= WHAT THE TASK ASKS =
Repeat the entries below word for word, though any picture in them should be dropped.

= MATERIAL SHOWN =

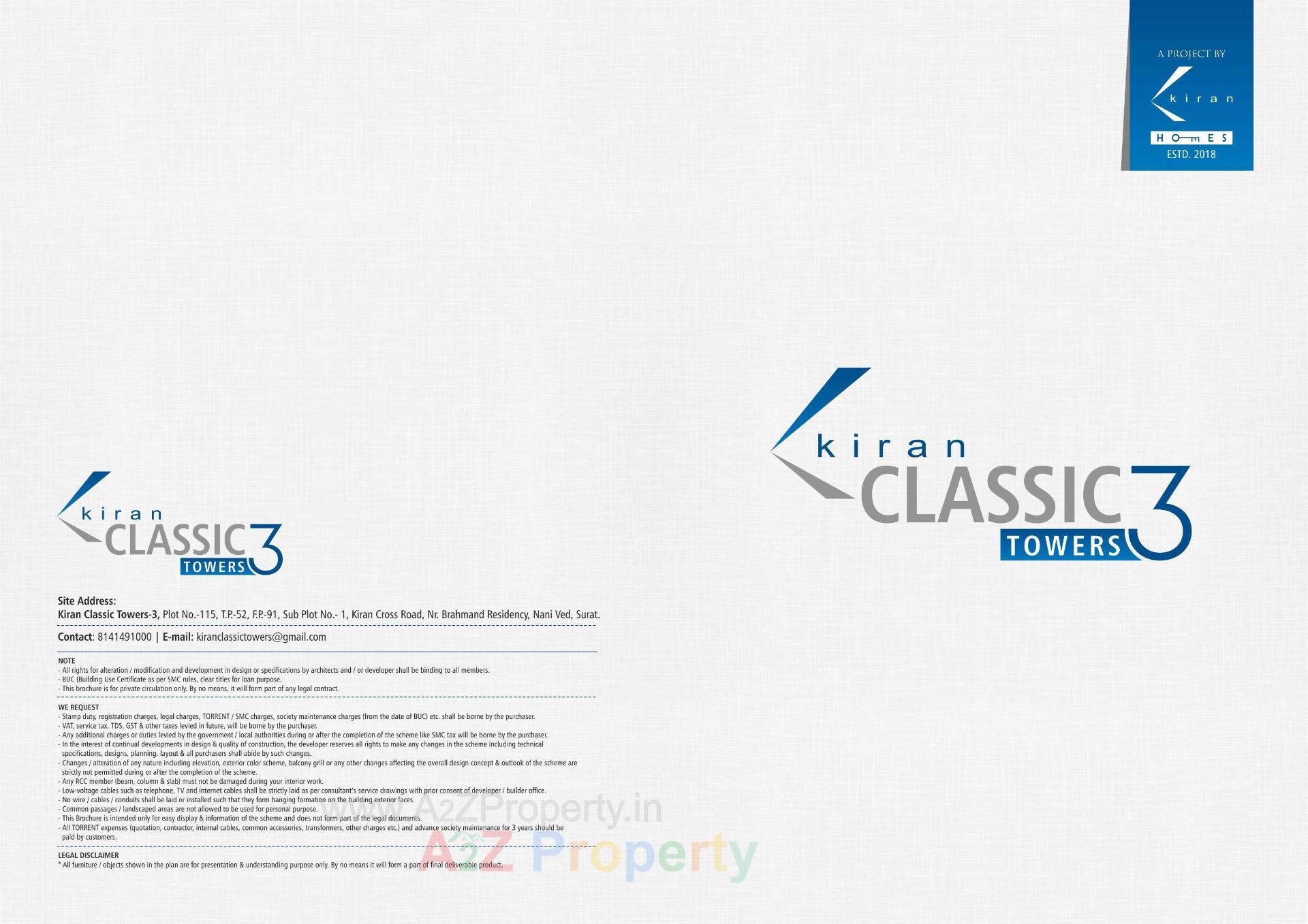  of real estate project Kiran Classic Towers located at Ved, Surat, Gujarat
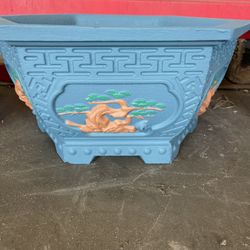 Hang Made Cement Pot Bonsai 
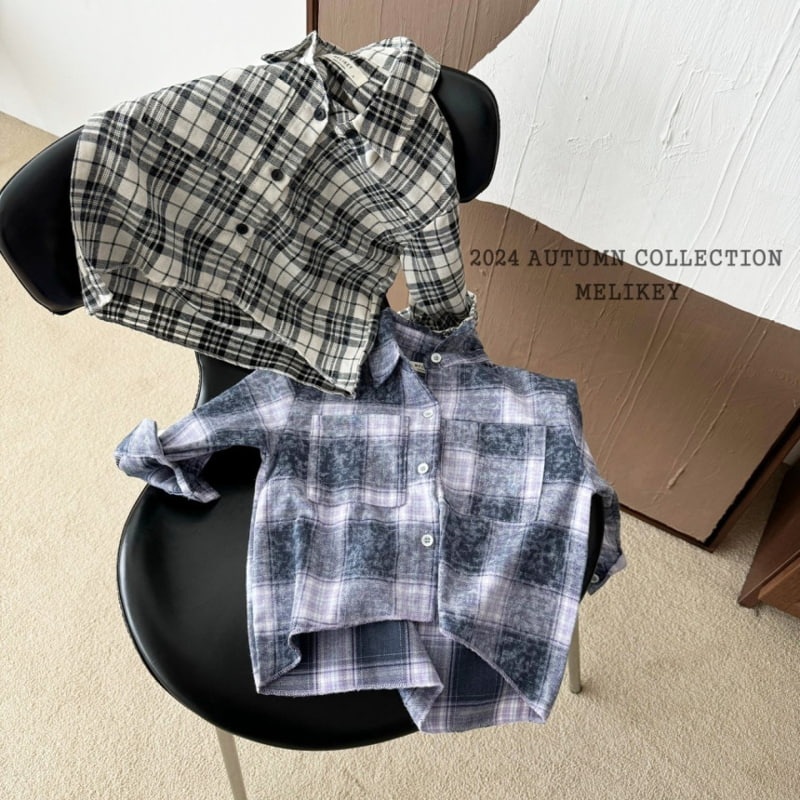 Melikey - Korean Children Fashion - #childofig - Vintage Check Shirt - 12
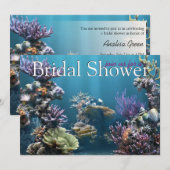 Unterwasser-Brautdusche Einladungen (Vorne/Hinten)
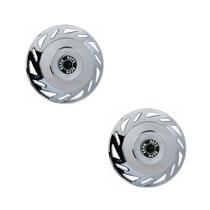 Calota Dianteira Pingo DÁgua Ii Aro 22,5 Cromado Par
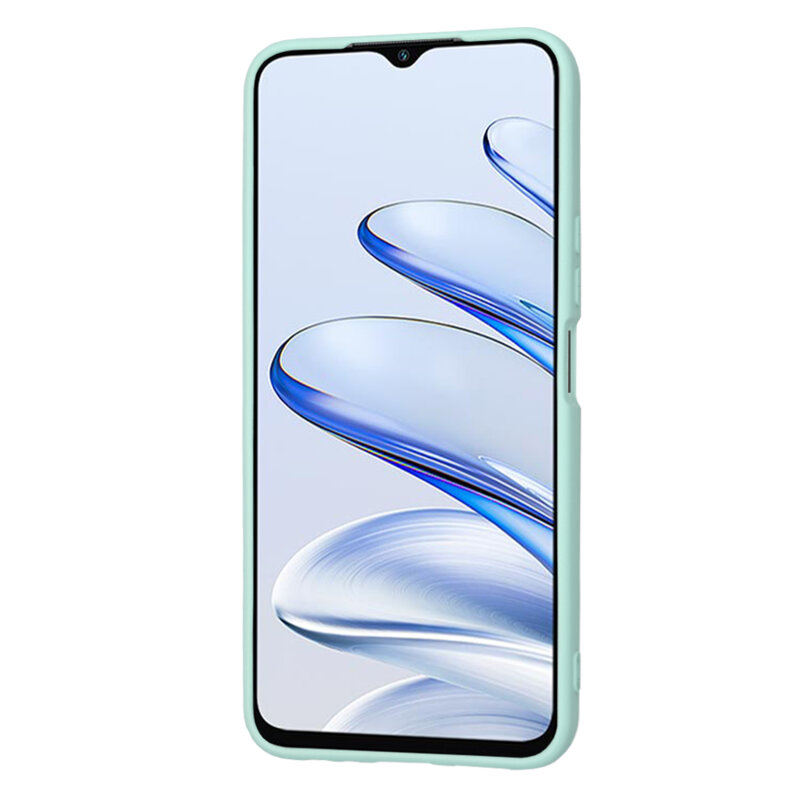 Husa silicon Honor 70 Lite Techsuit SoftFlex, turcoaz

= COMPLETED EXERCISE =
  of real estate project Kiran Classic Towers located at Ved, Surat, Gujarat
 Hang Made Cement Pot Bonsai 
 Melikey - Korean Children Fashion - #childofig - Vintage Check Shirt - 12
 Unterwasser-Brautdusche Einladungen (Vorne/Hinten)
 Calota Dianteira Pingo DÁgua Ii Aro 22,5 Cromado Par
 Husa silicon Honor 70 Lite Techsuit SoftFlex, turcoaz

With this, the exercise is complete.